Мы получили св. Владимира, доброго как все что идет от Вас; а для Вас есть пакет от Франсуа Федье, и я буду пробовать позвонить Вам во вторник 27 июня, когда буду в городе, или передам Анне Ильиничне. Мы передвигаемся на машине, мальчики, за два года ее забывшие, от нее в восторге, но у меня (опять!) не хватает немножко денег и немного времени, чтобы пройти через ГАИ, поэтому я ограничен только надежными маршрутами, где нет неожиданных проверок документов, как это грустно. — Но некатастрофическое безденежье* (* отдали наши 200 $ в банк Олиной маме и живем на проценты) навязывает такой здоровый, ровный и спокойный образ жизни. — Правда, в сентябре я вроде бы поеду в Германию, впервые, чего стал хотеть, как я Вам писал, с конца 1993, и это, я уже точно знаю, будет для меня шок больше парижского. Во всяком случае «собой» я наверное не останусь, слишком близка Германия, слишком крут спор и слишком малы шансы, ведь посмотрите, кто из наших в Германии не говорит о «России» (Борис Хазанов не единственное ли и не относительное ли исключение), а я если чего но буду, так этого. — Здесь у нас сенсация литературоведческий сборник Гаспарова, плотный, статьи в основном последнего десятилетия, по-моему, очень хорош. — НЛО, как мне и казалось, действительно вроде выходит в лучшие журналы. Я не знаю о Вашем интервью там, потому что Зенкин Сергей Николаевич был долго в Париже, вот на всякий случай его т. в редакции: 387 46 20, и дома: 268 45 70, это не значит, что Вы должны ему звонить. — Живешь в сущности только среди близких, и когда они далеко, то это как ночь и поиски в темноте. Ночь, конечно, тоже образ жизни, в важном смысле поучительный и готовящий к долгой ночи и заставляет ценить день, — так что Ваше письмо, если получат, то будут читать с вниманием.
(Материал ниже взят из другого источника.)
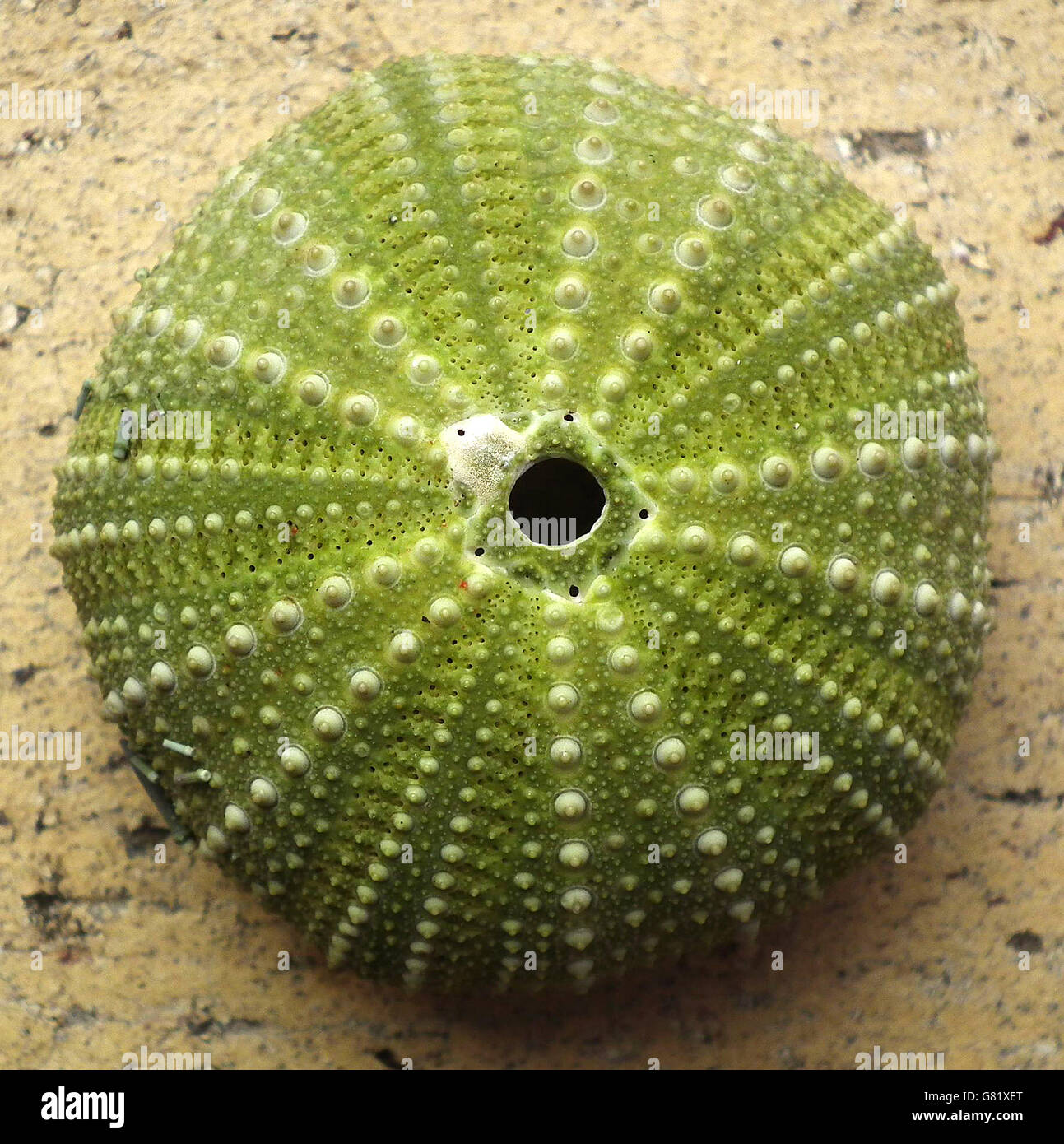 Green sea urchins hires stock photography and images Alamy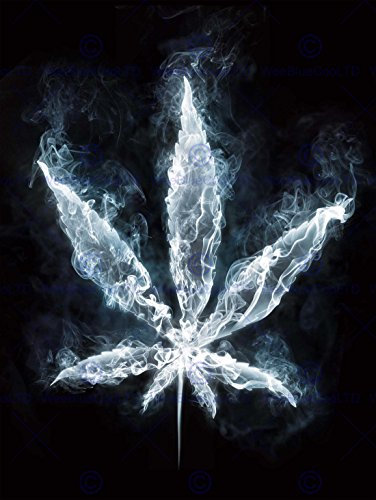 Bumblebeaver PAINTING ILLUSTRATION COOL WEED MARIJUANA SMOKE LEAF ART PRINT POSTER Farbe Kunstdruck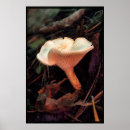 Zoek naar paddestoelen posters Wilde paddenstoelen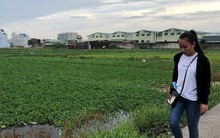 Vạch mặt nhiều công ty bán dự án "ma" như Alibaba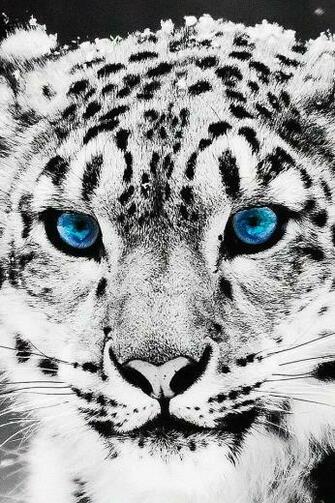 iPhone iPad Ios Wallpaper Artsy Background Pinter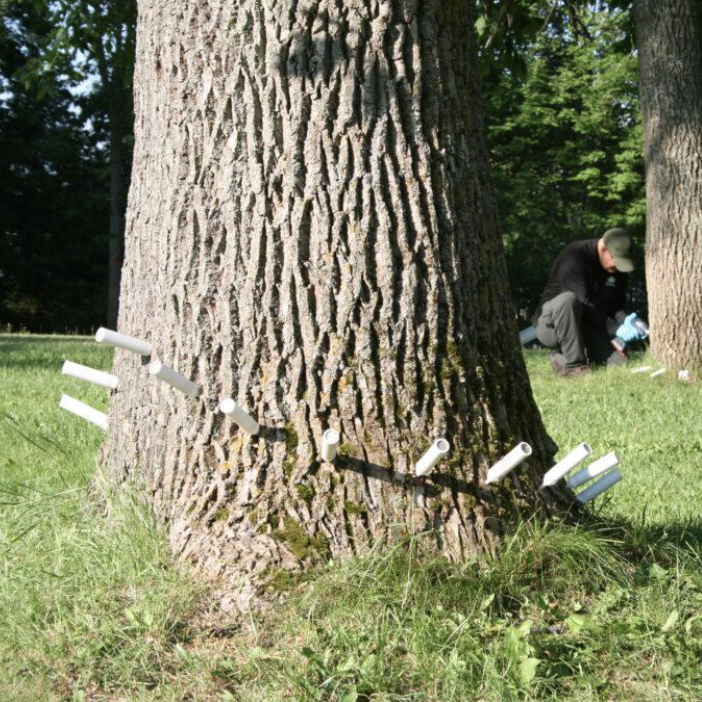 TreeAzin is used to combat harmful insects like Brown Tail Moth, Emerald Ash Borer, Spongy Moth and many other leaf eating pests.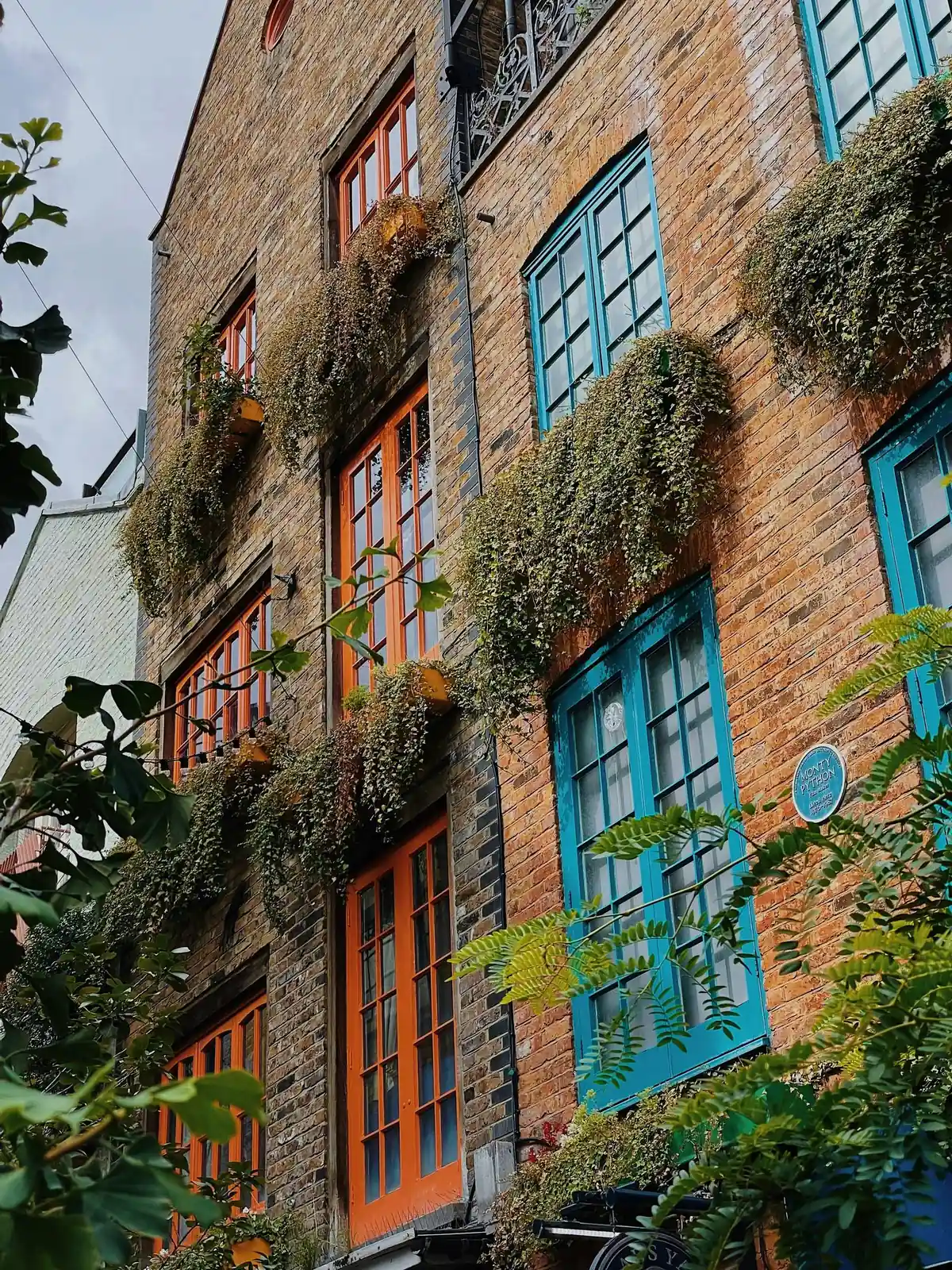 Painted window frames in a brick elevation hung with climbing foliage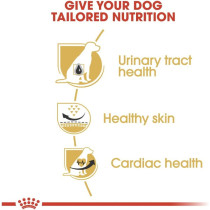Royal Canin Breed Health Nutrition Dalmatian Adult 12 KG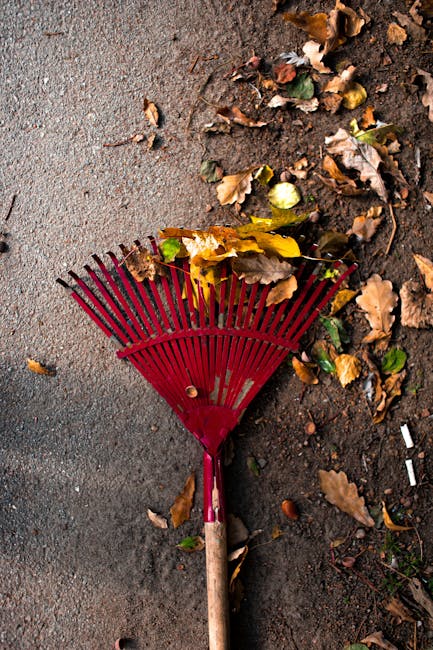 A red plastic garden rake with a wooden handle lying on a paved surface next to a patch of soil covered with fallen leaves, twigs, and organic debris. The rake's tines are spread out and some leaves and small plant material are caught within them. The surrounding environment appears to be an outdoor area, possibly a garden or driveway, with natural lighting highlighting the textures of the soil, leaves, and pavement. The scene suggests clearing or tidying up outdoor waste as part of garden maintenance, aligning with rubbish removal services offered by companies like Rubbish Removal Harrow, which handle private waste and garden waste collection.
— Ваши верные Вам, В., О. и другие.
Азаровка, 30.7.1995
Дорогой Владимир Вениаминович,
(обращаюсь к Вам, но думаю о Вас с Ольгой вместе), пишу Вам из азаровского похмелья — не очень тяжелого, но все же. Я, конечно, ожидала, что за римскими праздниками последует отдача, уж слишком весело и высоко там было. Да, то, что теперь не покидает восприятия: какая низина (географическая), как мы низко расположены! Как будто со сцены спустили в оркестровую яму. И как однообразно (географически). От Москвы до Азаровки — почти то же время в машине, что от Рима до Флоренции: а сколько там всего переменяется. Тяжело все-таки внизу и без перепада высот. И вдали от центра, который — мне так чувствуется — все-таки в Риме. (До Рима я думала: неужели весь мир теперь — сплошная провинция? И Лондон провинция, и Париж, о Германии что говорить… и вот, наверное, главное удовольствие Рима — чувство центра. Я уже было решила, что на земле центра больше нет, он только в литургии, центр как точка встречи с вертикалью. Но именно такая встреча — Рим, его холмы, его кладки и, в конце концов, балкон, с которого в полдень в воскресение говорит Папа. Я однажды случайно оказалась в этот момент на площади св. Петра, среди молодежи с лозунгами: Immaculata vincerà! — и это да!) То, что исторический и географический центр для меня несомненно связался с римским Pontifex, вовсе не значит солидаризации с католичеством — надеюсь, это лишний для Вас комментарий. Но какое счастье, что такой центр есть. От идеи полицентричного мира мне жить не хочется: это была бы земля тех Гераклитовых «многих», о чем Вы писали. В Риме не возможно не услышать Мандельштама
Есть обитаемая духом
Свобода, избранных удел.
Свобода и центр — почти то же. А спора (о чем Вы пишeте в письме) я почему-то никогда не любила, и честного — не больше, чем других. Кстати, я нашла точнейшее описание собственного — сознания? настроения? — знаете где? У Розанова, в статье о Киеве* (* Книга, которую Сукач подарил в день крестин Олега, «Иная земля, иное небо», с. 552–563.): о «народной вере»** (см. об.) (** Это описание очень в pendant Вашей «Власти России». Удивительно, что автор (Вас. Вас.), который может так понять этот «беспожарный» строй, в слоге своем, в жесте несет столько этих самых «огоньков», измельченных и переменчивых, в отличие от больших «огоньков» Щедрина, но тоже очень не-тихих, тоже «на уксусе и горчице».) Точно, как он описывает эту «народную веру», я и думаю. Но не могла бы этого так просто обозначить — а часто пробовала, в спорах с Анютой. В сущности, это мир как волшебная сказка — с тихим пиром в конце и «чудесным помощником» по ходу дела. Я не понимаю, как можно думать иначе, вернее, не понимаю, что такое иная, «драматичная» вера, требующая теодицей и т.п. «Услышит тя Господь в день печали, защитит тя имя Бога Израилева». И при этом Вас. Вас. — мне крайне чужая душа, как прежде!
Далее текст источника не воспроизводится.